Currently, the reasons for the elevation of HCY in CRC patients remain unclear and require further investigation. We hypothesize that elevated levels of HCY in the bloodstream may arise from heightened methylation and the production of S-adenosylmethionine upstream of HCY, or from the inhibition of the transsulfuration pathway (mediated by cystathionine β-synthase), or impaired remethylation of HCY back to methionine (involving methionine synthase) downstream of HCY.

Serum CEA level is the most commonly used tumour marker for disease diagnosis, therapeutic evaluation, and prediction of disease progression in CRC patients24. However, serum CEA levels in CRC patients are not specific, and a considerable proportion of patients have CEA levels within the normal range25. Additionally, CEA concentrations can be influenced by various factors such as smoking, liver disease, inflammation, and lung diseases, which may lead to false-positive or false-negative results26. Therefore, it is necessary to explore complementary serum markers to compensate for the limitations of CEA levels. Therefore, we investigated the prognostic value of HCY levels in different subgroups of CEA levels. We found that HCY levels effectively stratified patients according to prognosis, regardless of CEA negativity or positivity, with a more significant stratification observed in patients with high CEA levels. In addition, the combination of CEA and HCY can more effectively stratify the prognosis of CRC patients. Although TNM stage is the most widely used tool for evaluating CRC patients' prognosis, heterogeneity in patient prognosis still exists within the same pathological stage. In our study, we observed a significantly poorer prognosis in patients with elevated levels of HCY compared to those with lower levels, even within the same pathological stage. This observation suggests that measuring HCY levels could provide valuable additional information alongside pathological staging for CRC patients.
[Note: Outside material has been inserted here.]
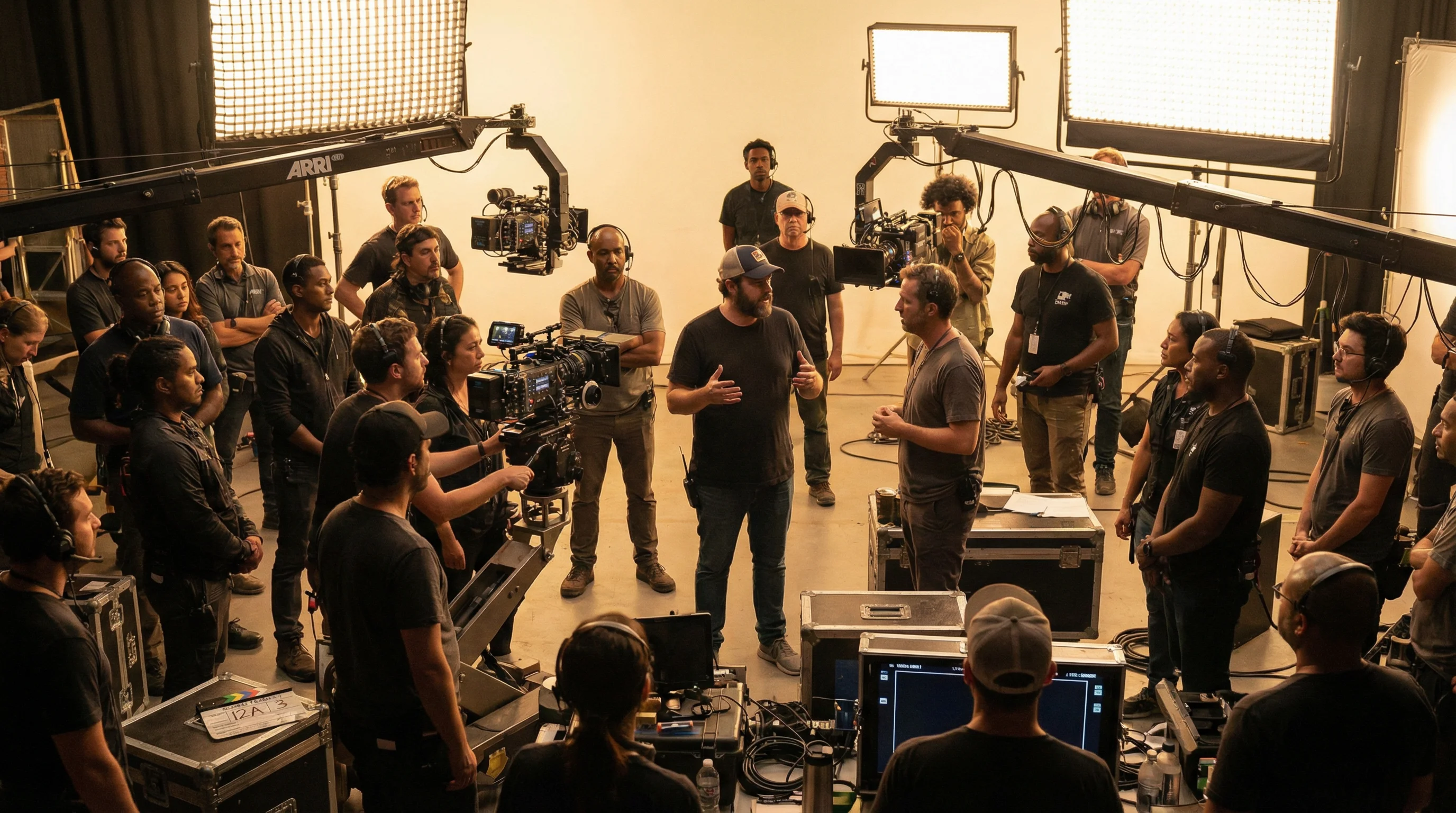 困困兔传媒国际合作拍摄现场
Survival nomograms integrate various demographic, serological, and pathological features to comprehensively assess patient prognosis. In this study, we employed LASSO regression analysis to select meaningful prognostic features and ultimately identified seven prognostic factors using Cox regression analysis. Based on these features, we constructed survival nomograms to predict the 1 to 5-year RFS and OS in CRC patients. These nomograms demonstrated favourable discrimination and calibration values. Compared with the traditional TNM staging system, these prognostic nomograms exhibited superior resolution and accuracy in predicting RFS and OS in CRC patients. These newly proposed prognostic models can assist clinicians to better quantify the risk of adverse prognosis in CRC patients, thereby providing guidance for individualised treatment strategies.
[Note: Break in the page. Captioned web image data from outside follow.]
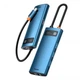USB-хаб Baseus WKWG000003 Metal Gleam Series 6-in-1 Type-C HUB Type-C to HDMI*1+USB3.0*3+PD*1+RJ45*1 Blue (759851) - зображення 1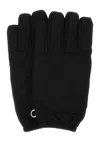 Prada Re-nylon Gloves In Black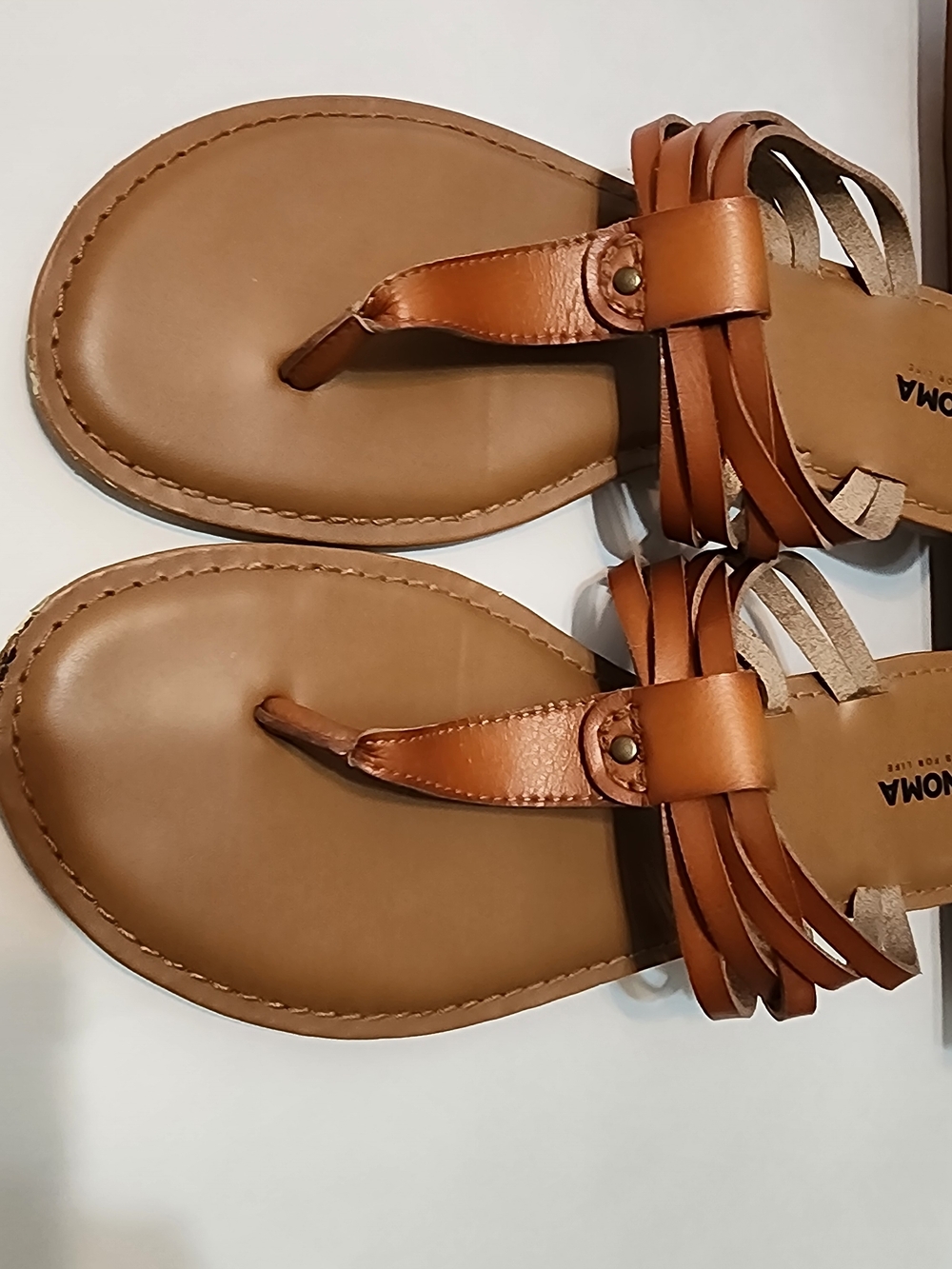 Braided Thong Sandals in Tan – Women’s Casual Summer Footwear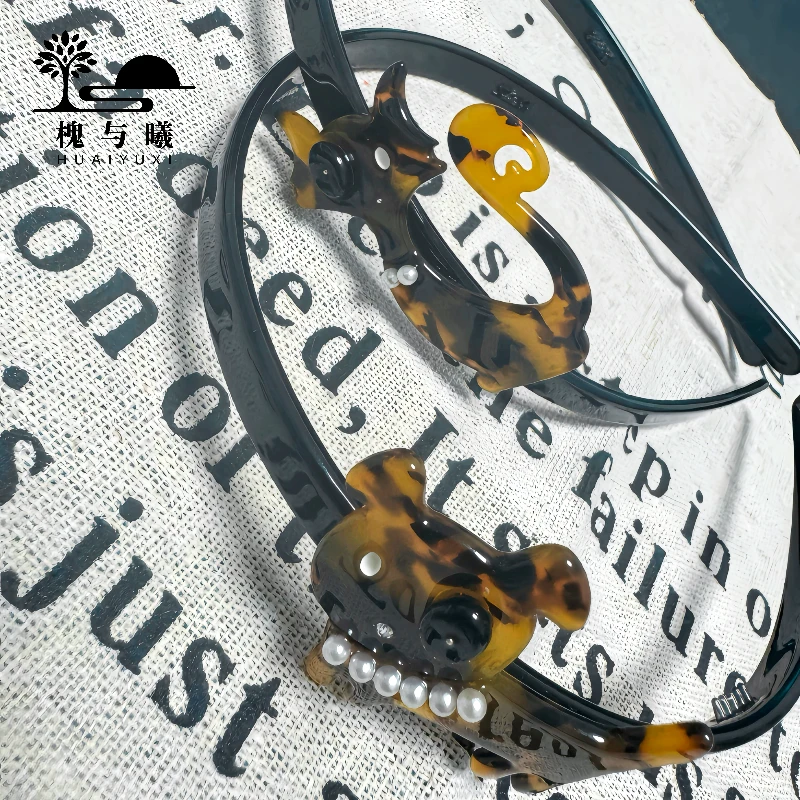 槐与曦|新款醋酸发箍极简窄边防滑定位齿高品质减龄可爱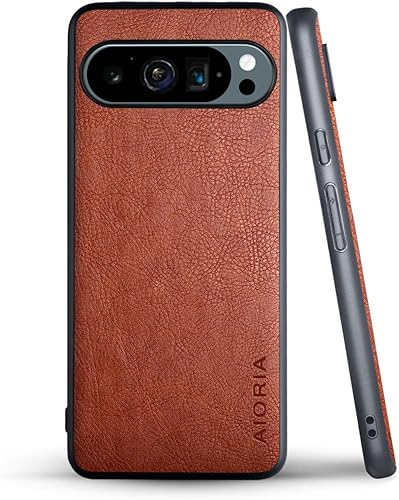 Vista 17 de Funda para Google Pixel 7a, pantalla de 6.1 "Premium PU Leather Cover Retro Business Design Funda protectora completa para Google Pixel 7a 5G (negro)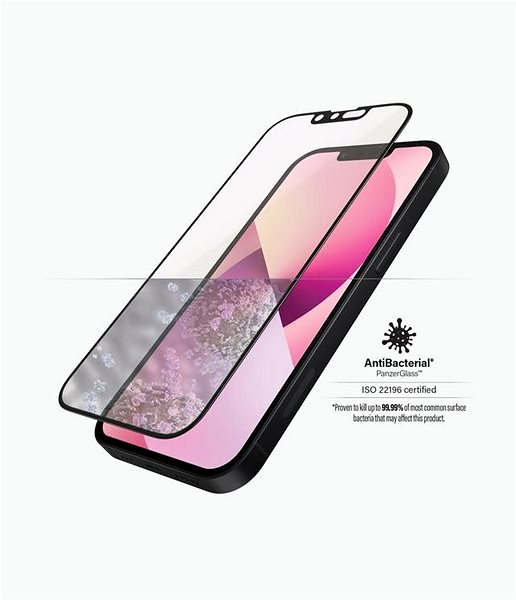 Glass Screen Protector PanzerGlass Apple iPhone 13 mini with Anti-Bluelight (Anti Blue Light Filter) Features/technology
Our study had several limitations. Due to the retrospective nature of this study, we did not perform a sample size calculation, which is a limitation. However, we would like to highlight several strengths of our study, including a large sample size (1272 CRC patients), comprehensive collection of clinical and pathological data, and a long follow-up period (61.0 months). Furthermore, we explored multiple outcomes such as RFS and OS, and accounted for various confounding factors in the multivariable analysis. These considerations contribute to the robustness and reliability of our findings. Second, because of the nature of our study design, we could only observe the relationship between plasma HCY levels and CRC patient prognosis at a single time point and lacked continuous HCY level monitoring data. Finally, the prognostic nomogram proposed in our study can be widely applied in clinical practice only after external validation through large-scale, multicentre, prospective research.

Conclusions

The findings of this study indicate that elevated levels of HCY are independent risk factors for adverse RFS and OS in CRC patients. In the prognostic assessment of CRC patients, HCY levels can provide valuable supplementary information regarding CEA levels and pathological staging. Prognostic models based on HCY levels are effective tools for the comprehensive evaluation of prognosis in CRC patients but require further external validation by additional cohorts.